According to one Waxman staffer, in Congress the tobacco companies took a "belt and suspender" approach to the Patriot Act in an effort to insulate their international operations from legal challenges in US courts. The "belt"--Section 107(b)--was what Oxley removed from the act. The "suspenders" came late at night on October 16, when Chairman Oxley inserted a provision in the bill after it had been debated and approved by the full committee. Oxley's addendum specifically blocked any expansion of jurisdiction for US courts to hear civil claims for damages from foreign nations seeking compensation for violations by US corporations of foreign tax laws. The measure had the support of the White House and the top Republican leadership, including House majority leader Tom DeLay, according to a report by the Center for Public Integrity's International Consortium of Investigative Journalists. On the morning of the 17th--an infamous day, as the anthrax scare jumped from the Senate to the House, where members prepared to evacuate--the Financial Anti-Terrorist Act passed overwhelmingly in the House, including the new provision that would get the companies off the hook.
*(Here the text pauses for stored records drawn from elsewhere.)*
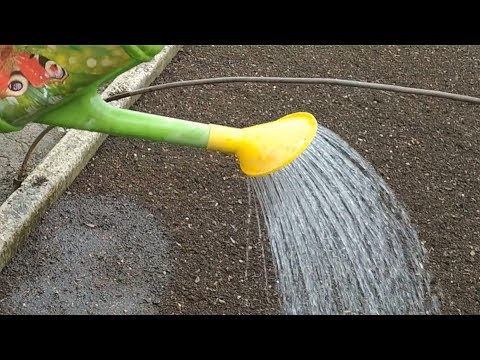 Видео: Выращивание ялтинского лука из семян - посев в парники на рассаду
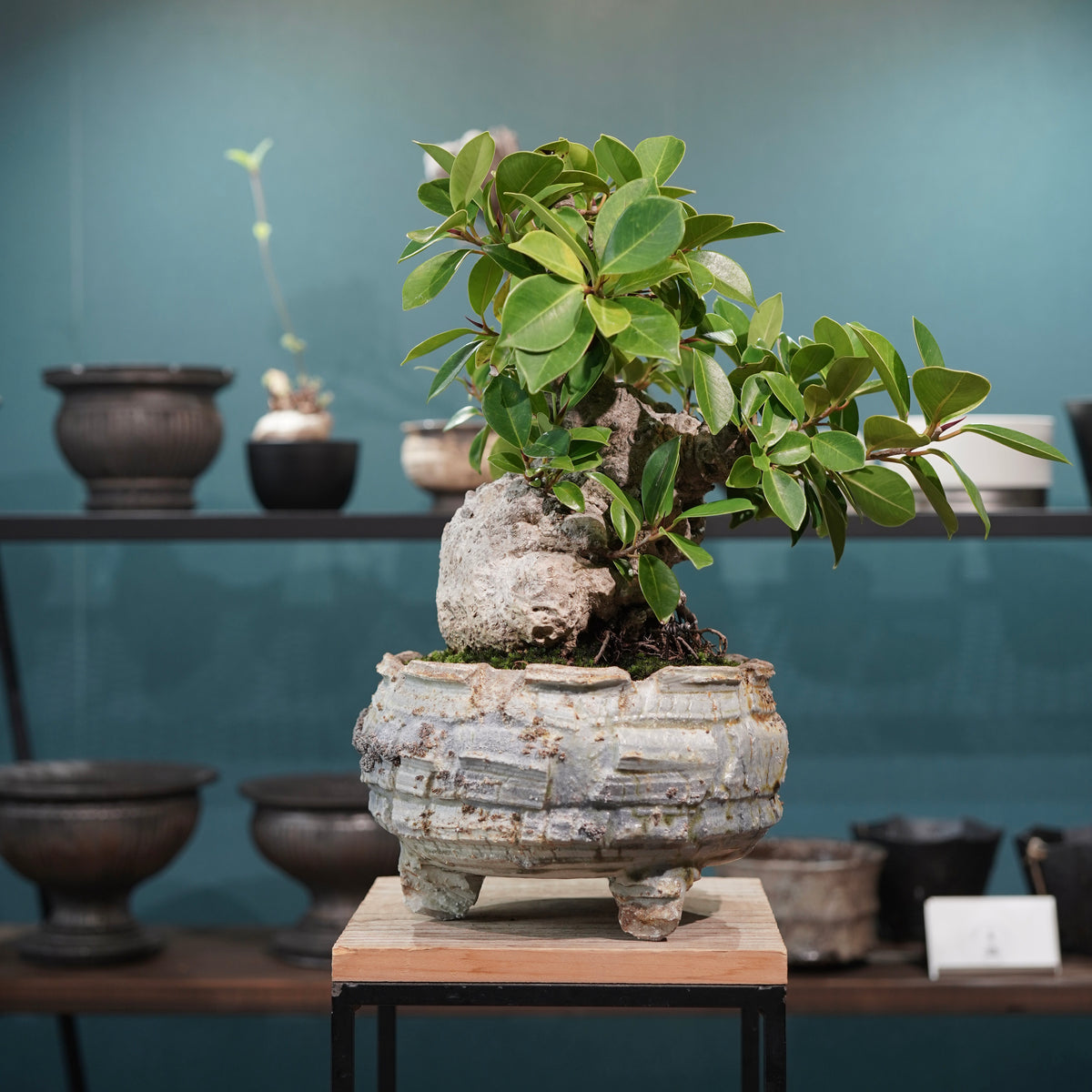 Ficus microcarpa(ガジュマル) × 宮島將實"匣鉢穴窯灰埋焼成鉢" No.2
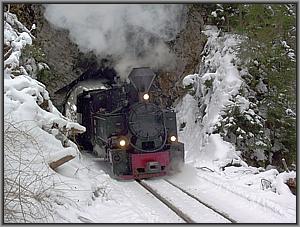 764 421 am Tunnel zwischen Bardau und Botizu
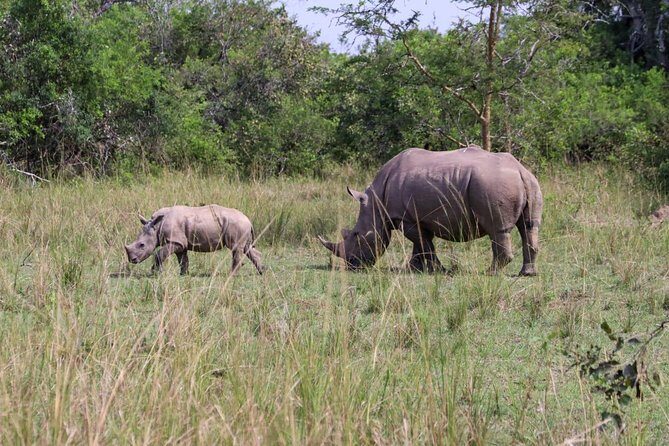 Day Tour Of Ziwa Rhino Sanctuary and Wildlife Ranch - ZIWA RHINO TREKKING - Rhino Fund Uganda: Walking With White Rhinos in Their Habitat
But staff aides to Waxman and Massachusetts Democrat Martin Meehan caught wind of the change. They alerted the Campaign for Tobacco Free Kids, which concluded in a memo that the only relevance of the provision was to "the...currently pending lawsuits...brought by Canada, the European Union and several Latin American countries...against major U.S. cigarette companies.... And the only future lawsuits likely to be affected would be similar lawsuits directed at the U.S. cigarette companies' involvement with international cigarette smuggling."
When the bill reached the Senate, there was outrage at what Senator Patrick Leahy described as the attempted "carve-out of tobacco companies from RICO liability for foreign excise taxes." Senator Paul Sarbanes, chairman of the Banking Committee, removed the offending passage from the bill. On the day it passed the Senate, Massachusetts Senator John Kerry, a longtime advocate of tighter money-laundering laws, introduced a statement into the Congressional Record clarifying that the law could be used to pursue the sort of legal challenges now faced by the tobacco companies: "It is the intent of the legislature that our allies will have unimpeded access to our courts and the use of our laws if they are the victims of smuggling, fraud, money laundering or terrorism." On October 26, the Patriot Act was signed by President Bush without Oxley's language.
While the "suspenders" in the tobacco industry's offensive were gone, however, the "belt" remained--a narrowed definition of money laundering that denied future and current plaintiffs against the tobacco industry an important legal instrument. "What was left out," says an infuriated Waxman aide, "was far more important than what was not put in." As Richard Daynard, director of the Tobacco Litigation Center at Northeastern University, says, "The bill as originally drafted would have made the tobacco companies a lot more vulnerable to the [money laundering] charges."
As in Colombia, those who argued on behalf of the tobacco industry were also major recipients of the industry's largesse: A report by the Campaign for Tobacco Free Kids reveals that Republicans received 82 percent of the more than $18 million that the tobacco industry has poured into political campaigns since 1997. Oxley himself has received $34,300 from the tobacco industry since 1999, both for his political campaigns and his PAC, Leadership 2000, and he held a party at the 2000 Republican convention that was paid for partly by Philip Morris.